Understanding the new generation of data protection solutions.
However, by examining key differentiating factors--including retention period, speed and cost--we can segment the data protection market into three areas: Staging solutions, designed for data kept briefly on the way to longer-term media; Backup/Restore solutions, designed for data kept in the medium term, when a restore will likely be required; and Archiving solutions, designed for data kept long term for legal or corporate requirements. Further, by breaking down your data protection requirements by segment, it becomes easier to set evaluation criteria and identify the right components for a complete solution.
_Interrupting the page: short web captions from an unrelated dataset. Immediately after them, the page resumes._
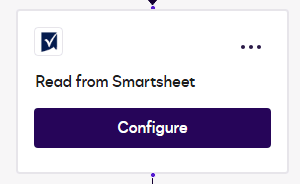 UI card: 'Read from Smartsheet' with checkmark icon and 'Configure' button.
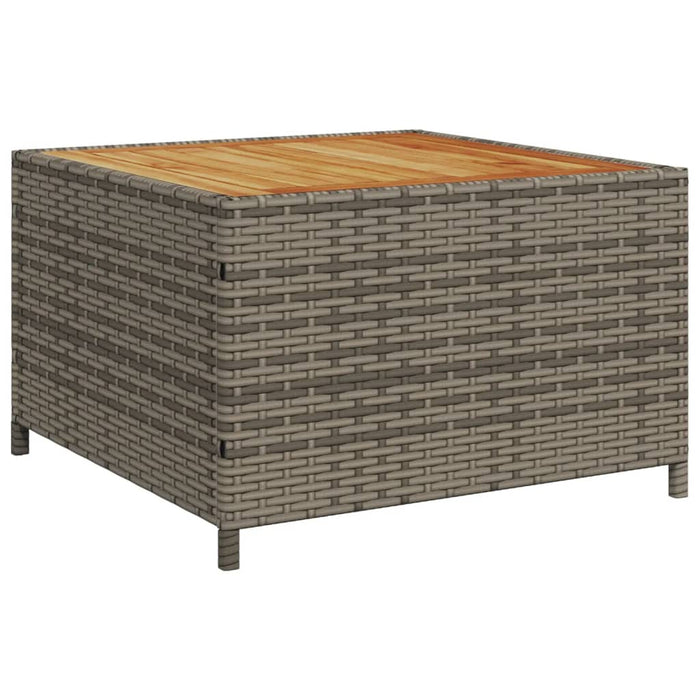 Divano da Giardino con Tavolo e Cuscini a L Grigio Polyrattan 369037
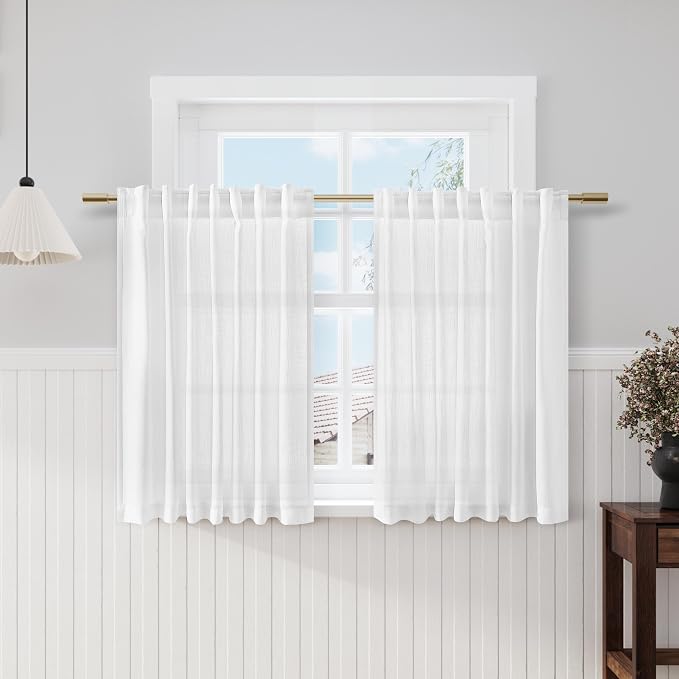 White Linen Curtains 47 Inch Length 2 Panels Set Light Filtering Back Tab Rod by Nanspring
The cost of Staging solutions tends to be much higher than traditional tape; however, this is a secondary concern to speeding backups. Because of their cost, Staging devices are often used to keep the most recent backup data, typically for a few days maximum. Most technologies in this category enable data to be moved to tape at any time without disturbing business processes. Disk-based solutions in the Staging category include ATA arrays, Virtual Tape Libraries, Snapshot Technologies and Continuous Data Protection.
[FIGURE 1 OMITTED]
ATA Arrays are used as target data repositories for backup operations. Most modern back-up software solutions from vendors like Veritas or EMC Legato support backup-to-disk options, in addition to their more traditional backup-to-tape options. Backup to standard ATA Libraries tends to be extremely fast and easy to implement, but also extremely expensive. The cost per gigabyte for ATA array based storage in 2004 was between $3 and $15, whereas tape storage was one-sixth that cost.
Virtual Tape Libraries are increasingly common; today no major tape library vendor remains without one in its product portfolio. VTL solutions add to the standard ATA array by providing an interface that mimics a tape library, allowing seamless integration into existing backup infrastructures with little or no process change. VTL solutions tend to run faster than even ATA arrays, as no host operating system or file system is required. Most VTL solutions today also allow users to manage an attached tape library, backing up or restoring virtual tape images to real physical tape. Since VTL solutions are intended to speed backups, it's essential to examine the backup environment in its entirety. Bottlenecks in application servers, media managers and software compression can often reduce throughput substantially; in some instances it may be sufficient or more cost-effective to use a traditional array.
Most modern storage systems support snapshot technologies in one form or another. Snapshot technologies make a quick point-in-time image of the block-level storage or file system to be kept available to restore data, even when that data then subsequently changes. Snapshot images can often be made end-user accessible, allowing users to locate previous versions of data or recover accidentally deleted files. As the data is in a read-only format, the backup of a snapshot to tape is extremely simple. Most snap-shot technologies tend to be reasonably efficient in their use of disk space, storing only changes to stored data rather than whole copies of changed files.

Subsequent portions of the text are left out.